Just called the office at Hodgson, there is a tournament on Sunday August 19. 7am-1pm $10 entry fee with an optional $5 big bass pot. Lets see how many people we can get to show up.


----------



## Rmelz (May 24, 2011)

Does the $10 include the launching fee, and fishing fee?


----------



## live4fishn (Feb 27, 2012)

The tournament is not being sponsored by the office. So, the entry fee does not cover a boat rental.


----------



## live4fishn (Feb 27, 2012)

or launching and fishing fees


----------



## ladster3 (Aug 9, 2012)

Any where I can get more info on this tourney 1 or 2 man etc.


----------



## live4fishn (Feb 27, 2012)

You can call the office with questions. I did not ask if it was single or two man teams. I'm hoping for two man team. I may call tomorrow to find out.


----------



## PBASS (Jun 13, 2012)

It is my Tournament.

1 or 2 people per boat.. 

DO NOT CALL THE OFFICE ABOUT THE TOURNAMENT... 

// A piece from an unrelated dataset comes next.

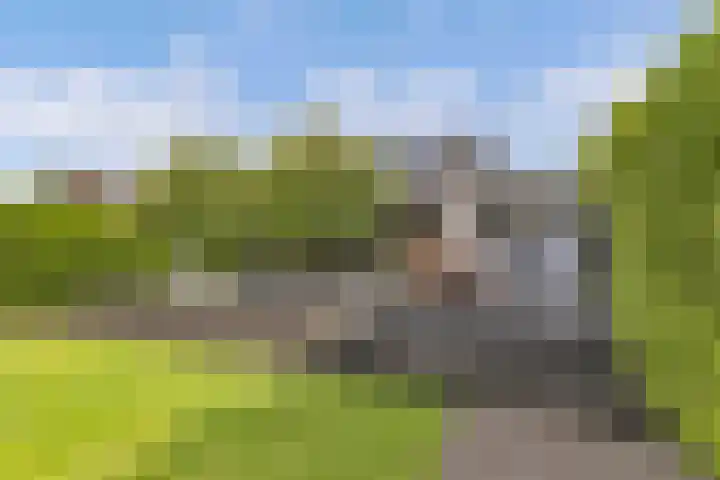 Aengwirderweg 290 Tjalleberd thumbnail 4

IF IT IS A HASSLE FOR THE OFFICE, THEY MAY NOT LET THIS CONTINUE!!!!

*Anyone interested can PM me. And i will provide info.*


----------



## Rmelz (May 24, 2011)

PBASS said:


> It is my Tournament.
> 
> 1 or 2 people per boat..
> 
> ...


I thnk it's good that your hosting it, but if you don't want the office bothered maybe next time you should put your phone number on the flyer.


----------



## PBASS (Jun 13, 2012)

I guess next time I will do that. I put a copy of the rules with the Flyer in the office... So anyone who was "at" the lake would see it.

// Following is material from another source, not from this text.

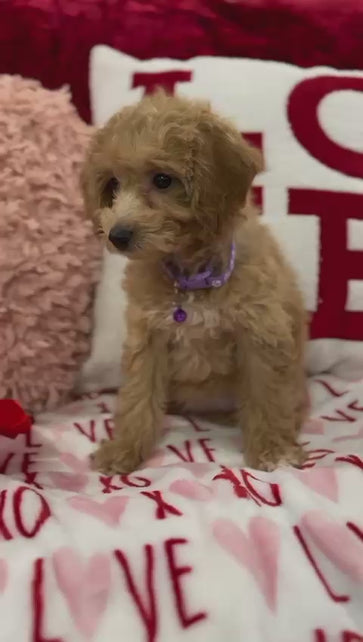 Vanessa (Bichon Poodle)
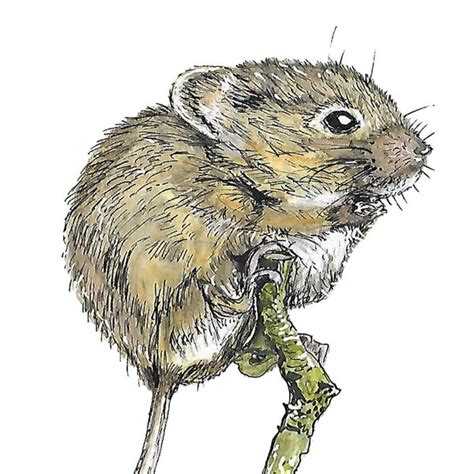 Field Mouse Etsy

But I will put my number on the next one.
Thanks


----------



## legendaryyaj (Nov 1, 2005)

Results? 

I would have fished but ended up having to cover a shift.


----------



## PBASS (Jun 13, 2012)

Over 9lbs won 
Over 6lbs for 2nd
A little over 4lbs. took 3rd.

Big Bass was over 4lbs 


( I can't remember the exact weights..)


----------